Chat Pile: The Best of What’s Next

For years, Paste has introduced exciting, up-and-coming artists to our readers. This is the return of The Best of What’s Next, a monthly profile column which highlights new acts with big potential—the artists you’ll want to tell your friends about the minute you first hear their music. Explore them all here.


As members of the Oklahoma City noise-rock band Chat Pile humored me with answers to my questions about how they got started and how the nation’s deadliest domestic terrorist attack happening in their own backyard may have influenced their terrifyingly great new album, God’s Country, I found an opening to ask a question that had been burning in the back of my mind. “Can you tell me about the influences behind the song ‘Grimace_Smoking_Weed.jpeg’?”

Before the song ended up as the closer on their debut full-length, it started as a joke on the band’s Bandcamp page, with that URL tucked away underneath the band’s bio and contact information. That later morphed into an amazing T-shirt idea, with the red-eyed McDonald’s character clutching a bong in a field of cannabis plants. But what the song achieves as a final casket slam on the album is nothing short of monumental. The record is full of warped and ugly narratives that draw from not only Chat Pile’s unique experiences as “Okies,” but also from a world that can no longer keep its cruelty hidden. So when I ask the question after becoming familiar with the nightmarish nine-minute epic, I ask it in all seriousness, expecting a serious answer.
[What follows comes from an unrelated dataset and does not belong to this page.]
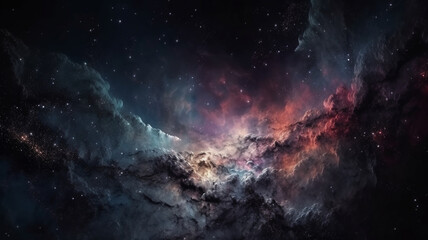 Exploring the Hyperrealistic Galactic Abyss - A Detailed Universe Representation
The song, the band tells me, deals with a phenomenon that happens in many cases of extreme abuse where victims lose memories, only to replace them with fantasies that they use to explain their loss of time and trauma. The victims live with those stories before eventually having their true memories of the abuse come flooding back. A huge film buff, Chat Pile lead singer Raygun Busch explains that he used Gregg Araki’s 2004 film Mysterious Skin and the 1986 film In a Glass Cage by Agusti Villaronga as reference points for the protagonist’s unraveling mind in the song. As in the former film, alien abduction is cited in many cases of this kind of trauma-related memory loss. With the song, however, Busch chose to use the image of “Grimace Smoking Weed” that the band had joked about for so long as the song’s central demonic tormentor.

“My challenge to myself was to write the darkest song possible with that title as a springboard,” Busch says, after appropriately taking a bong hit just slightly outside the frame of our Zoom chat. Busch’s willingness to dissect these real-life horrors has made the band such an alluring dark cloud in their short existence. The balance of the band’s hard-hitting brutality and Busch’s naked lyrics and visceral vocal delivery is what has made Chat Pile such a fast-rising sensation in the world of heavy music. With vinyl preorders for God’s Country selling out and going into second pressings of certain variants, the record is already destined to be one of the bigger underground successes of the year.

All four members are old enough to where they have real-life responsibilities outside of the band, so each has adapted a stage persona to keep their work in Chat Pile secret. This cover—which they’ve asked me to honor—allows them the freedom to dig deeper into their at times confrontational approach to hot-button issues without the worry that nosy co-workers at their day jobs will catch on. The band’s sibling rhythm section consists of Stin on bass and Captain Ron (who was present in our Zoom chat, but remained silent) on drums, while Luther Manhole is responsible for the band’s sour guitar riffs. Stin and Ron had played together for years in a local band called Found Footage that was, according to Stin, “completely ignored by all of humanity.” That band took a more cleaned-up approach to noise rock, similar to bands like Failure or Barkmarket, with conventionally sung vocals and a respect for pop structure. The two brothers befriended the slightly younger Manhole about a decade ago, with their friendship solidifying with a weekly board game night that started in 2017. That weekly hang originally took place at Manhole’s cousin’s house and eventually moved over to Stin’s to become a “bad movie night.” As they got to know each other, they realized none of them had been in a band for a few years.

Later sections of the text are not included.